C:\..\out> set ARGS="-V"
C:\..\out> make test

For executing a simple python test manually, we don't need to change the directory to out, just run this command:

Linux and Mac:

$ LOG_LEVEL=INFO python -m unittest test/python/circuit/test_circuit_operations.py

Windows:

C:\..\> set LOG_LEVEL="INFO"
C:\..\> python -m unittest test/python/circuit/test_circuit_operations.py
STDOUT/STDERR and logging capture

When running tests in parallel either via tox, the makefile, or in CI we set the env variable QISKIT_TEST_CAPTURE_STREAMS which will capture any text written to stdout, stderr, and log messages and add them as attachments to the tests run so output can be associated with the test case it originated from. However, if you run tests outside of these mechanisms by default the streams are not captured. To enable stream capture just set the QISKIT_TEST_CAPTURE_STREAMS env variable to 1.

Test Skip Options

How and which tests are executed is controlled by an environment variable, QISKIT_TESTS:

Option Description Default
run_slow It runs tests tagged as slow. False

It is possible to provide more than one option separated with commas.

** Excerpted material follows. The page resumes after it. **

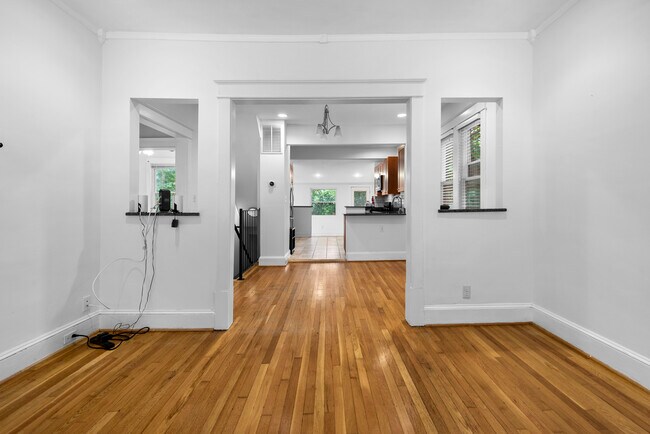 Foto del edificio - 2213 Douglas St NE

Alternatively, the make test_ci target can be used instead of make test in order to run in a setup that replicates the configuration we used in our CI systems more closely.

Development Cycle

The development cycle for qiskit-terra is all handled in the open using the project boards in Github for project management. We use milestones in Github to track work for specific releases. The features or other changes that we want to include in a release will be tagged and discussed in Github. As we're preparing a new release we'll document what has changed since the previous version in the release notes.

Branches

  • master:

The master branch is used for development of the next version of qiskit-terra. It will be updated frequently and should not be considered stable. The API can and will change on master as we introduce and refine new features.

  • stable/* branches: Branches under stable/* are used to maintain released versions of qiskit-terra. It contains the version of the code corresponding to the latest release for that minor version on pypi. For example, stable/0.8 contains the code for the 0.8.2 release on pypi. The API on these branches are stable and the only changes merged to it are bugfixes.

Release cycle

When it is time to release a new minor version of qiskit-terra we will:

  1. Create a new tag with the version number and push it to github
  2. Change the master version to the next release version.

The release automation processes will be triggered by the new tag and perform the following steps:

  1. Create a stable branch for the new minor version from the release tag on the master branch
  2. Build and upload binary wheels to pypi
  3. Create a github release page with a generated changelog
  4. Generate a PR on the meta-repository to bump the terra version and meta-package version.

The stable/* branches should only receive changes in the form of bug fixes.